Besides, it is served with peanut salted caramel, a match made in heaven. I like to present it in small glasses like in the picture above since it gives it a more elegant look.
A few days ago I made this dessert for a family dinner and it was a huge success. Now all that’s left is for you to explore the recipe and try it out, I can assure you it is worth it!

Silky Chocolate Mousse
Ingredients
Salted Caramel
- 250 g white sugar
- 250 ml heavy cream
- 2 tbsp unsalted butter
- 1 tsp sea salt
- 120 g peanuts (toasted and unsalted)
Chocolate Mousse
- 5 eggs (separated)
- 2 tbsp cornstarch
- 400 ml milk
- 2 tbsp cocoa powder
- 80 g powdered sugar
- 300 ml heavy cream
- walnuts (chopped)
- sea salt
Instructions
Salted Caramel
- In a bowl, bring the sugar to a boil until you have a light caramel.
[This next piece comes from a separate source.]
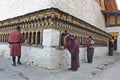 THIMPHU, BHUTAN - DEC 3, 2017: Pilgrims are spinning buddhist prayer wheels Royalty Free Stock Photo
- Warm up the heavy cream in the microwave, making sure it doesn't start to boil.
- Mixing with a hand whisker, cook the caramel for a few more minutes. It should thicken a little, making for a smooth and creamy mixture.
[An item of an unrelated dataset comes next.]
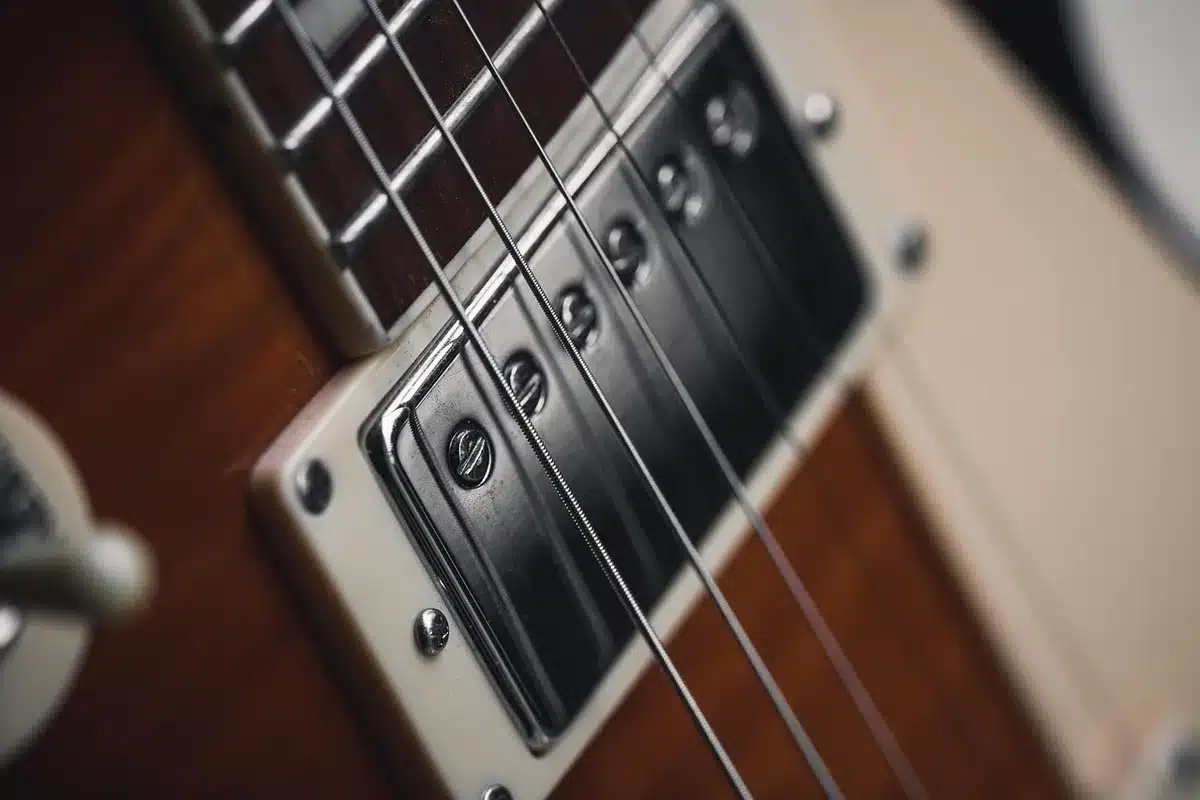 Close-up of guitar strings bending under a player's hand, evoking dreamy dread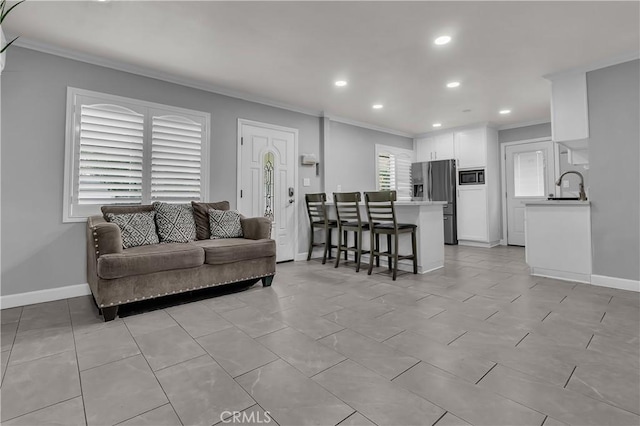 6038 Coke Ave, Long Beach, CA 90805 - living room featuring crown molding, recessed lighting, and baseboards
- Remove from the heat and add the butter and salt.
- Lastly, add the peanuts and mix one more time.
- Divide the caramel between 10 individual cups, spreading it on the bottom of each one.
Chocolate Mousse
- In a pan, bring the milk to a boil.
- In the meantime, beat the egg yolks with the cornstarch and the cocoa powder until smooth.
- Carefully pour the warm milk on the egg mixture, making sure to mix continuously with the hand whisker.
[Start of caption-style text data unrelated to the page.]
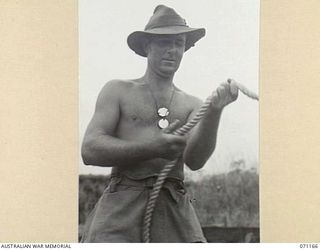 EVAPIA RIVER, NEW GUINEA, 1944-03-15. VX80468 SAPPER A.D. ISSEPP OF NO.1 PLATOON, 2/4TH FIELD COMPANY, ROYAL AUSTRALIAN ENGINEERS, STRIKING TROUBLE WITH THE HOIST ROPES AS HE HELPS PREPARE A LIFT ..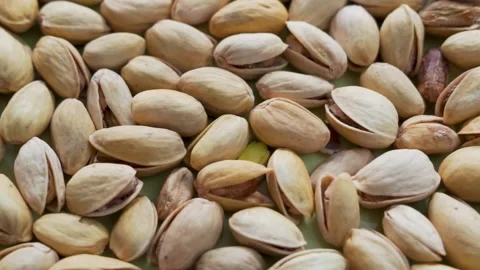 Pistachio Nuts, Close-up, Rotation. Background of Pistachio Nuts. Pistachio Nuts Stock Footage 155332379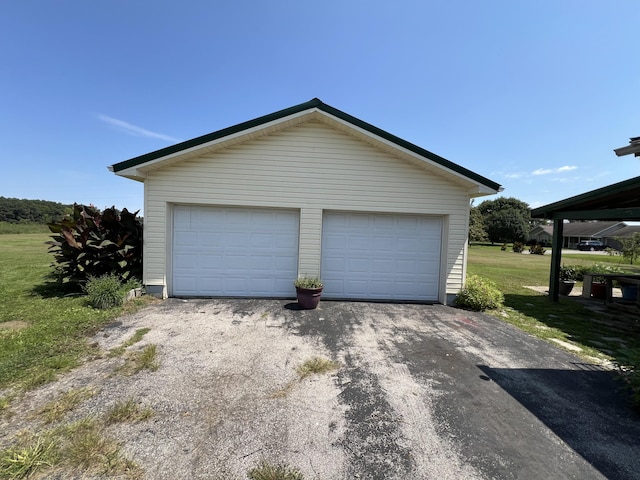 garage featuring a yard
- Bring this mixture to the heat again, whisking during the process. Let it thicken and start bubbling.
- Remove from the heat and transfer the cream to a bowl. Cover it with cling film and place it in the freezer.
- In the mixer, beat the egg whites with a pinch of salt until stiff peaks form.
- One spoonful at a time, add the powdered sugar with the mixer still on.
- In the microwave or over a double boiler, melt the chocolate. Lower the speed setting of your mixer and slowly pour in the melted chocolate.
- In a separate bowl, beat the heavy cream until stiff peaks form.
- Remove the cream from the freezer, which should now be firm and cold.
- Mix a third of the meringue with the cream. Using a spatula, carefully fold in the second third, and then the last third.
- Finally, carefully fold in the whipped cream, just like in the previous step.
- Cover the mousse with cling film and place it in the fridge for, at least, 5 hours.
- Split the mousse between the cups previously prepared with the caramel. Smoothen with a spatula.
- Decore with chopped walnuts and a dash of sea salt. Serve immediately.